We all compartmentalise our lives. This is what I did at school, this what I did in my twenties, this is what I did with my first girl/boyfriend. This is what I thought at age ten, this is what I thought at age forty. We file away all our experiences and forget that they make us who we are. Sometimes we look up the people we’ve known, drag out the photo’s or spend an evening reminiscing just to remember that we were really there and then we shove the memories back into their box and forget about them again. Those boxes we file our lives into get shut so quick that it feels like it never happened. How can we know where we’re going if we don’t know where we’ve been and what and who we come from? There have been a million things I’ve done in my life and I’m only just in my (very) early thirties. But until very recently I never put them all together and took pride in them. They’ve just been work or play or just happened, even though a lot of the work, play, happening has been of the kind that would be someone else’s glittering career, most memorable memory. Yet I never put together all the pieces of my life and gloried in them. Winston Churchill (I think it was him) said that the mark of success was to go from failure to failure with the same enthusiasm. How can we grow if we don’t remember all of what we experienced and look at it all like a triumph.
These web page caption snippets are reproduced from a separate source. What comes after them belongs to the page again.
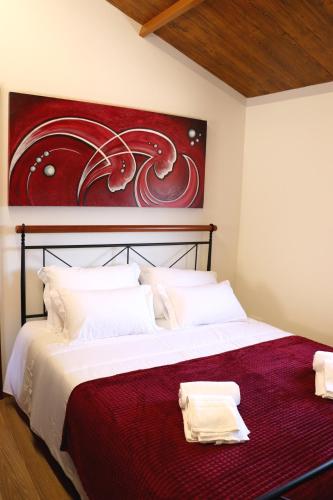 a bedroom with a large bed with a painting on the wall at Casa do Maninho in Amarante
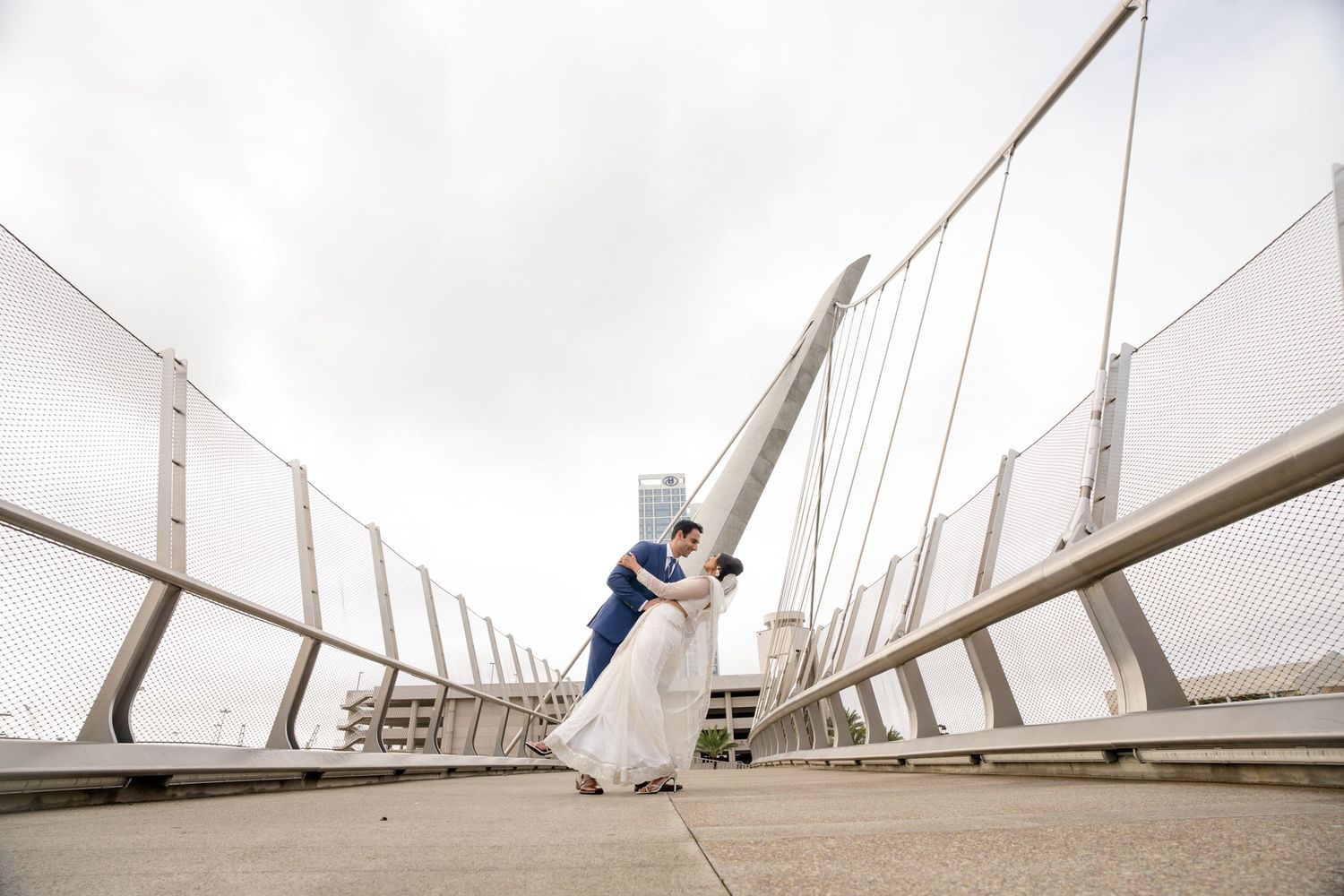 Bride and groom share a romantic dip kiss on a modern suspension bridge under an overcast sky.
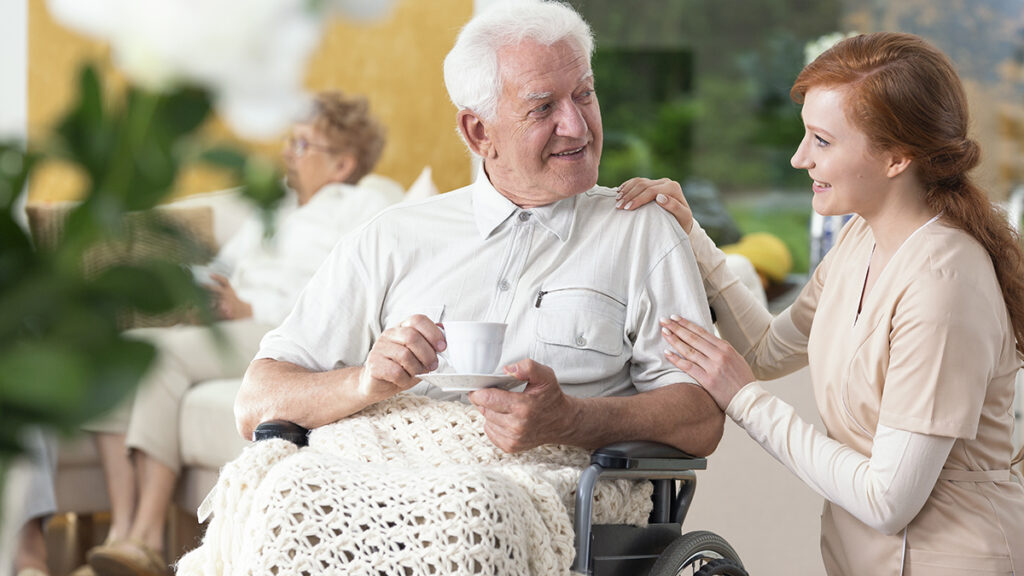 gifts for caregivers image - older man in a wheel chair with young nurse talking to him.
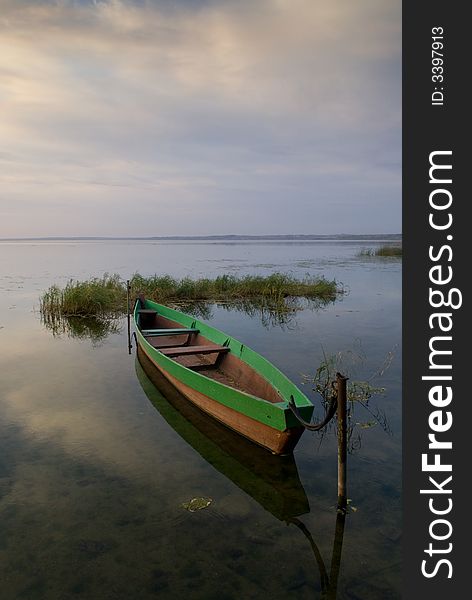 Boat And Lake At Twilight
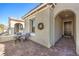 A cozy front porch includes seating and an arched entryway at 56 Tatahatso Point St, Henderson, NV 89011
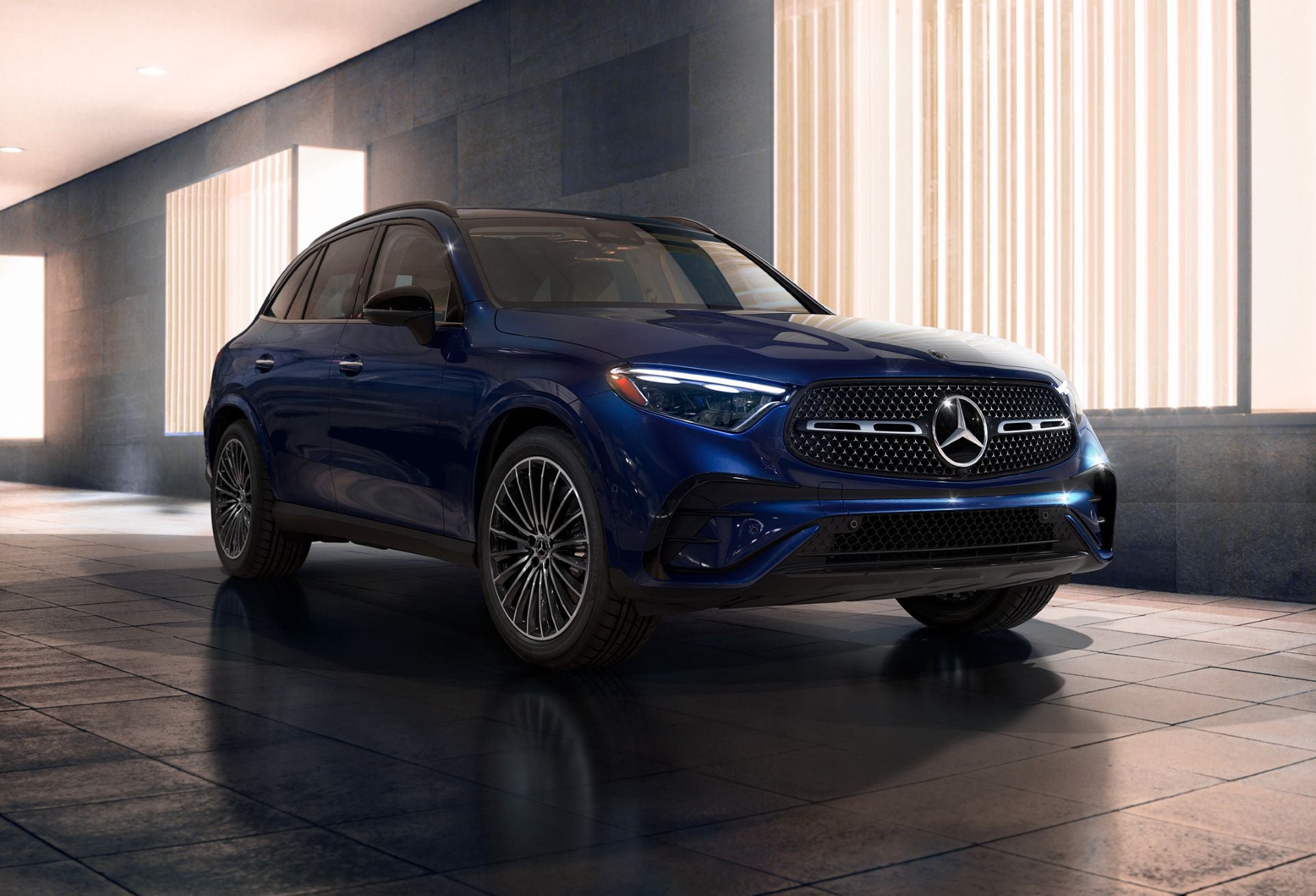 Mercedes-Benz GLC midsize luxury SUV driving through a city neighborhood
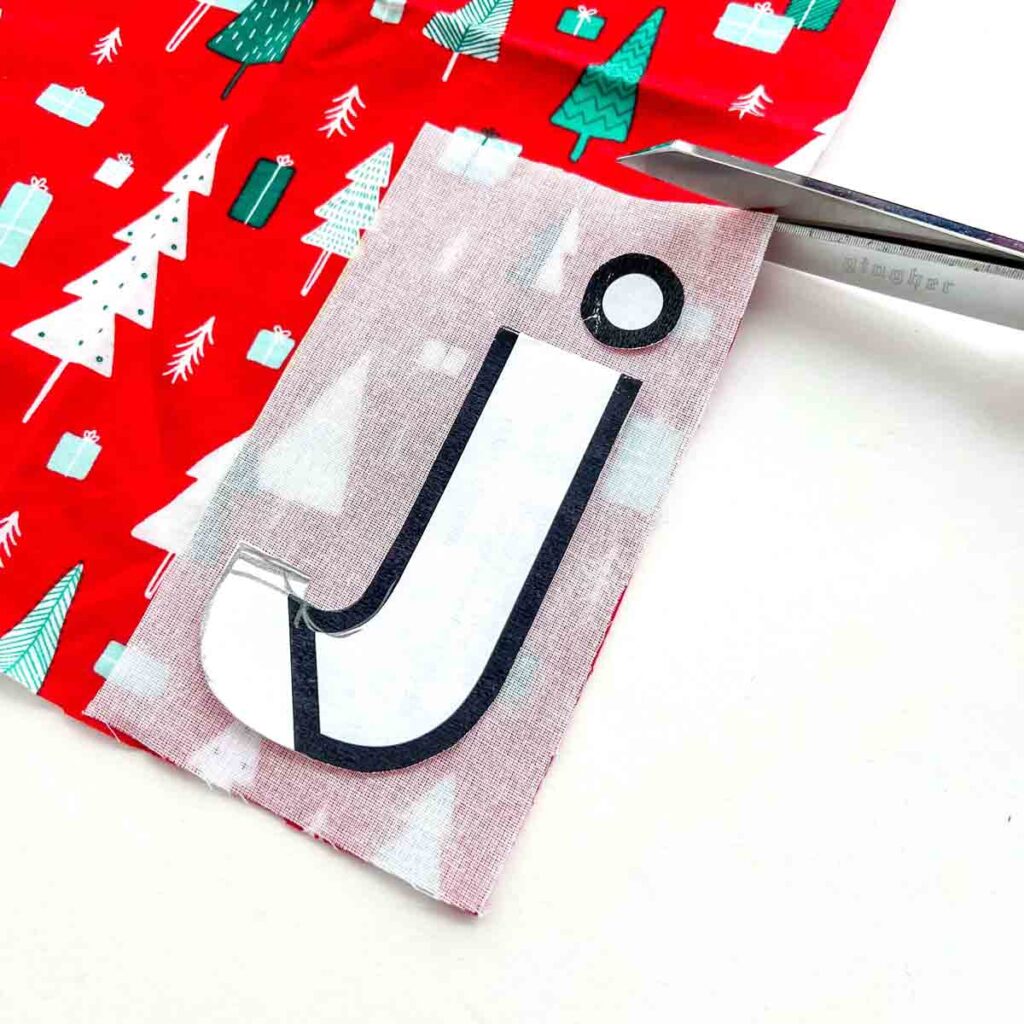 cutting out contrasting fabric according to interfacing
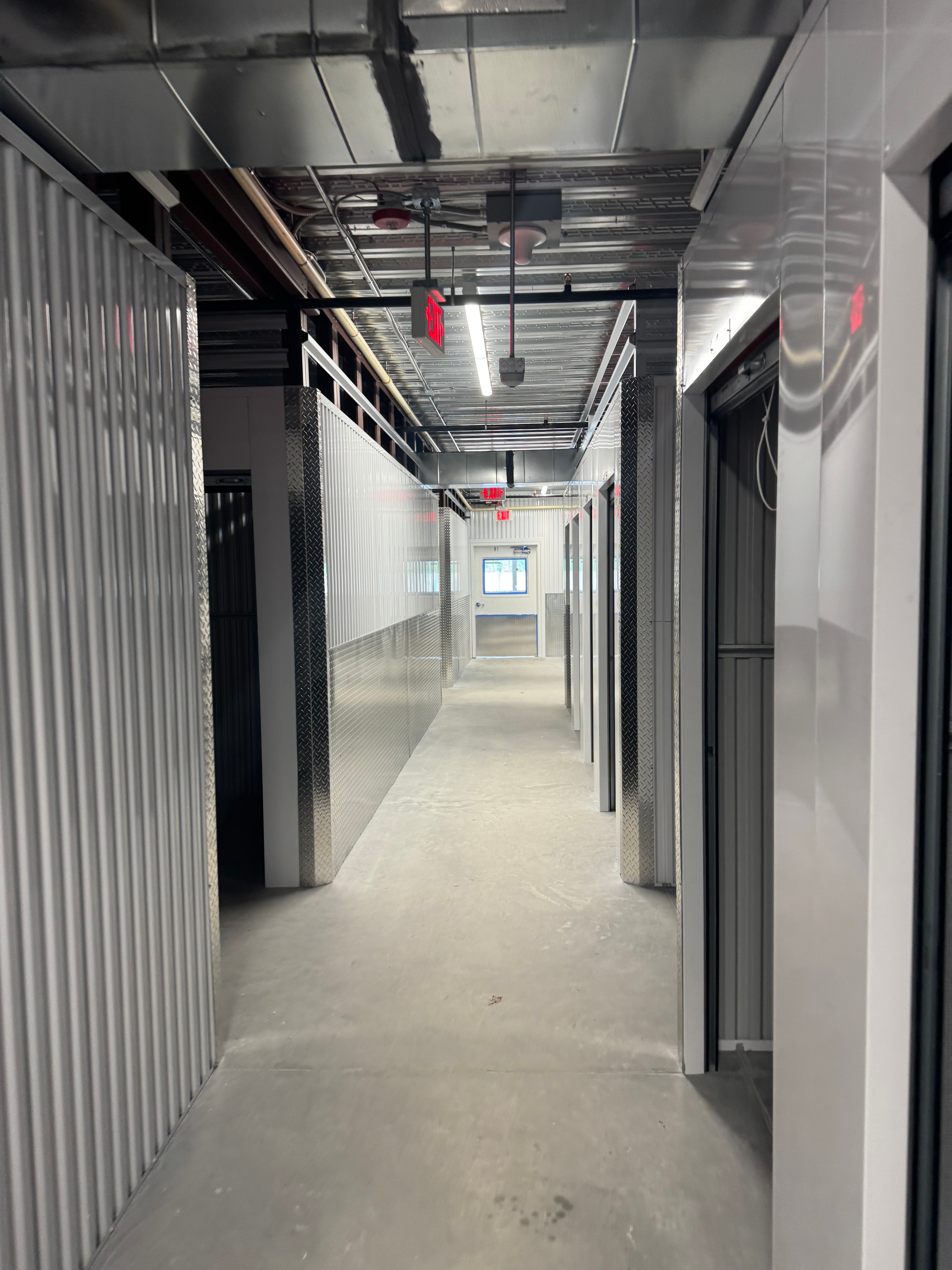 Public Storage interior hallway with storage units and lighting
The prevailing climate nowadays is to look at your life like you’re a victim. How much pain did you endure? How much stress can you take? How tired are you? How far can you soldier on? Forget that. This is your story. Elevate it to being high art. At whatever age you are, if you survived to this point you’ve got something to be proud of. Dignify your life. But don’t waste it.

PS. In the interests of historical accuracy I will point out that all herebemonsters reminiscences are factually correct. However as I’m his sister and a little (very very little and if you dispute that then you’ll get a fat lip mate) bit older than him (and how much of a bummer is that - not only did he get the grey eyes and blond hair while I got green eyes and bog standard brown hair but I didn’t even get a bro 2 years older than me so I’d get to meet his friends) and as its my job to nitpick ( it is honest - its in the big sisters contract) I just thought I’d correct those inaccuracies which he was maybe too young to remember clearly.

1. I never passed the blame onto him for any of my misdemeanours. Even if I had ever been naughty as a child - which lets face it is most unlikely, I wouldn’t do that. All big sisters are paragons of virtue, and love and protect our little brothers- no matter how many of our dolls they decapitate, how many times they rat on us to our parents about the unsuitable boys were dating, or how many of our albums they steal.

2. Having read this blog and hopefully herebes blog too - when he says he works fucking hard, believe him. You’ve read what he’s come from. The workers he’s sprung from. I work fucking hard, it was how I was brought up. He works harder than me. I don’t know how he does it. I wish I could do the same but I do occasionally need to sleep. I’m so ( I was going to say inordinately but that suggests that the praise is not merited) fucking proud of him.